1. The Capacity to Listen to Different Points of View
While researching her Pulitzer Prize–winning book, Team of Rivals: The Political Genius of Abraham Lincoln, Kearns Goodwin learned that Lincoln had the capacity to listen to different points of view. He created a climate where Cabinet members were free to disagree without fear of retaliation. At the same time, he knew when to stop the discussion and, after listening to the various opinions, make a final decision.
2. The Ability to Learn on the Job
Lincoln was able to acknowledge errors, learn from them, and then move on. In this way, he established a culture of learning in his administration, said Kearns Goodwin.
3. A Ready Willingness to Share Credit for Success
In response to concerns expressed by friends about the actions of some of his Cabinet members, Lincoln stated that the “path to success and ambition is broad enough for two,” reported Kearns Goodwin. When there was success, Lincoln shared the credit with all of those involved.
4. A Ready Willingness to Share Blame for Failure
When mistakes were made by members of his Cabinet, Lincoln stood up for them. When contracts related to the war effort raised serious questions about a member of his administration, Lincoln spoke up and indicated that he and his entire Cabinet were to blame.
5. An Awareness of His Own Weaknesses
Kearns Goodwin noted that one of the weaknesses acknowledged by Lincoln was his tendency to give people too many chances and, because he was aware of it, he was able to compensate for that weakness. As an example, she stated that George McClellan, Commander in Chief of the Union Army, refused to follow directives about the war effort. Lincoln set a deadline and eventually removed McClellan from the position.
6. The Ability to Control His Emotions
According to Kearns Goodwin, Lincoln treated those he worked with well. However, he did get angry and frustrated, so he found a way to channel those emotions. He was known to sit down and write what he referred to as a “hot letter” to the individual he was angry with. Then he would set the letter aside and not send it. If he did lose his temper, Lincoln would follow up with a kind gesture or letter to let the individual know he was not holding a grudge, said Kearns Goodwin. She noted that one of the letters was released as part of Lincoln’s Presidential papers with a notation that it was never signed nor sent.
7. The Knowledge of How to Relax and Replenish
Lincoln understood the importance of relaxation and humor to shake of the stress of the day and to replenish himself for the challenges of the next day. According to Kearns Goodwin, Lincoln had a wonderful sense of humor and loved to tell funny stories. He encouraged a healthy atmosphere of laughter and fun in his administration. He also enjoyed going to the theater and spending time with friends.
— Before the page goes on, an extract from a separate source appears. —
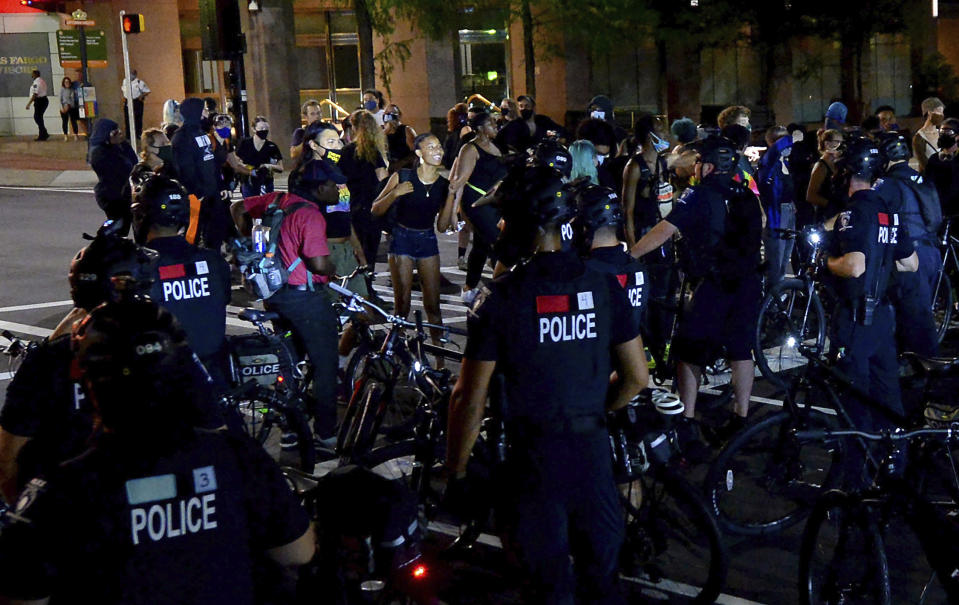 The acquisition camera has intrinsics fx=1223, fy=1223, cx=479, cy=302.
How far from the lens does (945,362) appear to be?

8. The Ability to Go Out into the Field and Manage Directly
During the Civil War, many soldiers died and there were many ups and downs. Lincoln established lasting connections with the troops by visiting the battlefield and hospitals, which also helped bolster morale. Lincoln also spent time talking with members of the public, taking “public opinion baths,” according to Kearns Goodwin. He held public receptions and made a point of shaking everyone’s hand and speaking to each individual.
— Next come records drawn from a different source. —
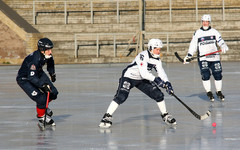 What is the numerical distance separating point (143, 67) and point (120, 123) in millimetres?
1039

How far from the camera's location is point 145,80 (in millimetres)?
10227

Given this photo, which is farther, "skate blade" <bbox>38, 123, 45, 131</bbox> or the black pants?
the black pants

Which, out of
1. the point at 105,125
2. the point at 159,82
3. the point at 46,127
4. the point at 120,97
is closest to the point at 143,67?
the point at 159,82

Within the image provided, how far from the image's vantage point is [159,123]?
1034 cm

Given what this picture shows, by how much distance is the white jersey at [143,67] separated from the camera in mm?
9891

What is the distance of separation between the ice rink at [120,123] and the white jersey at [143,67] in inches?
29.3

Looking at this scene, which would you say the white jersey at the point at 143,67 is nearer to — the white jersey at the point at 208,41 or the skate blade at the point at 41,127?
the skate blade at the point at 41,127

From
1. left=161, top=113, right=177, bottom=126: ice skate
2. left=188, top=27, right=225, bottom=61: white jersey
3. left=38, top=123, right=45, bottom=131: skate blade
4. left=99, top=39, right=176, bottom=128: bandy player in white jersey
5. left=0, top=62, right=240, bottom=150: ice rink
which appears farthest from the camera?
left=188, top=27, right=225, bottom=61: white jersey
9. The Strength to Adhere to Fundamental Goals
In the summer of 1964, said Kearns Goodwin, the war was not going well for the North. Members of his political party came to Lincoln and said that there was no way to win the war and he might need to compromise on slavery. Lincoln held firm on the issue of slavery and turned away from this advice.
10. The Ability to Communicate His Goals and Vision
Kearns Goodwin stated that Lincoln had a “remarkable ability to communicate his goals to his countrymen.” He made concepts simple and communicated with an understanding of the concerns of the citizens.
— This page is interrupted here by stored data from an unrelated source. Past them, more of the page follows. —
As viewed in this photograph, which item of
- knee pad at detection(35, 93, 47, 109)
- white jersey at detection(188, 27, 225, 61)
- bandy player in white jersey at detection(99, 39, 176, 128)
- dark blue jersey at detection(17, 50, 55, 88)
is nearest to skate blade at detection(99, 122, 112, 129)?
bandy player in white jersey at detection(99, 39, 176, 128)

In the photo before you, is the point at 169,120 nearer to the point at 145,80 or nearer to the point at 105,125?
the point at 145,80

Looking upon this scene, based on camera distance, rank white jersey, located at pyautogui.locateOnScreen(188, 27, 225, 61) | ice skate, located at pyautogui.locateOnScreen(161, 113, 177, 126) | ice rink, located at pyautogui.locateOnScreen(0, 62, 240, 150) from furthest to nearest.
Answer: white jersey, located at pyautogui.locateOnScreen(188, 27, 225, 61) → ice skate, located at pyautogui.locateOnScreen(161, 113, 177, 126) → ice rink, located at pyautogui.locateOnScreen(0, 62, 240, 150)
When the war ended and he won reelection, Lincoln did not focus on his achievements. Rather, in his second inaugural speech, Lincoln focused on bringing the country together as expressed in the following excerpt: “With malice toward none, with charity for all, let us strive on to finish the work we are in, to bind up the nation’s wounds, to care for him who shall have borne the battle and for his widow and his orphan, to do all which may achieve and cherish a just and lasting peace among ourselves and with all nations."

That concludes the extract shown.